Shohei Imamura kariyeri boyunca iki kez Altın Palmiye kazanan birkaç yönetmenden biri. Bu ödülü ilk kez kazandığı film Narayama Türküsü 1983 yılında sinema tarihinin devleriyle yarışarak bu ödüle layık görülmüş. Andrei Tarkovski, Carlos Saura, Yılmaz Güney, Nagisa Oshima, James Ivory, Martin Scorsese, Robert Bresson gibi çok önemli yönetmenlerden bahsediyorum. Imamura'nın Avrupa sinema arenasında filmleri merakla beklenen, gözde bir yönetmen oluşu da Cannes gibi büyük bir pazar sayesinde tescillenmiş oldu bu filmle. Hem konusu hem de üslubu yönüyle diğer Imamura filmlerinden farklı bir film olan Narayama Türküsü, Japonya'da ikinci defa çekilmiş bir film. İlk olarak 1958 yılında Keisuke Kinoshita tarafından çekilen film Shichiro Fukazawa'nın romanından uyarlamadır. 


Narayama Dağı eteklerinde yaşayan toplulukların büyük yoksullukla başa çıkabilmek için istenmeyen çocukları öldürüp, elden ayaktan düşen ihtiyarları Narayama Dağı'nda ölüme terk etmelerinin anlatıldığı film yine oldukça uzun bir süreye sahip. Eşsiz finalini izledikten sonra düşündüm de, doksan dakikalık formda yoğun bir ritmle anlatılsaydı sinema tarihinin en büyük filmlerinden biri olurdu. Pastoral yaşamdan kareler ve belgesel görüntülerle kuvvetlendirilmeye çalışılan gerçeklik algısı uzun süreyle birlikte zihinde kopuşlar yaratıyor. Asıl hikaye yerine geçmeye başlayan hikayeler anlamsızlaşıyor. Süre uzun tutularak, hikaye içerisindeki acımasızlık hissi uzatılıyor ve ölümün giderek bir ihtiyaca dönüşmesi anlatılıyorsa da hikayeye odaklanma sorunu da başka bir handikap.

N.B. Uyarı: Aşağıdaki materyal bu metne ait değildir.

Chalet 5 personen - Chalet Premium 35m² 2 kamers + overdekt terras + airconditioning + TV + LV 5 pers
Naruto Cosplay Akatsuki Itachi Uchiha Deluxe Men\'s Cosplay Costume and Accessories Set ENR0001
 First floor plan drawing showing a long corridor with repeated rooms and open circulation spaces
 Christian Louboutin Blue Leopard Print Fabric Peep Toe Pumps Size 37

Yine şunu belirtmek lazım ki Shohei Imamura sinema tekniğini kullanma konusunda gerçek bir deha. filmin doğa ve insan birlikteliğini vurgulayan planları onun eşsiz kurgu ve kesme becerisini doruğa çıkarmaya olanak tanıyor. Günümüz sinema seyircisi açısından izlenmesi oldukça zor bir film olduğunu belirterek, sanat sineması seyircisiyle baş başa bırakıyorum bu yazıyı. İnsanı gerçek ve acınası iç güdüleriyle, yalın biçimde anlatan Imamura tavrı bu filmde fazlasıyla devam ediyor. Narayama Dağı eteklerinde gerçekleşen ilginç ritüeller batıda kürtaj ve huzurevi kavramlarıyla birlikte muhakkak derinlemesine okunmuştur. Ne garip adetler var diyip geçmeden önce aslında insanın temel benzerlikleri üzerine düşünmemiz gerekiyor. Bunu sağlayan önemli bir film olarak Narayama Türküsü'nü öneriyorum.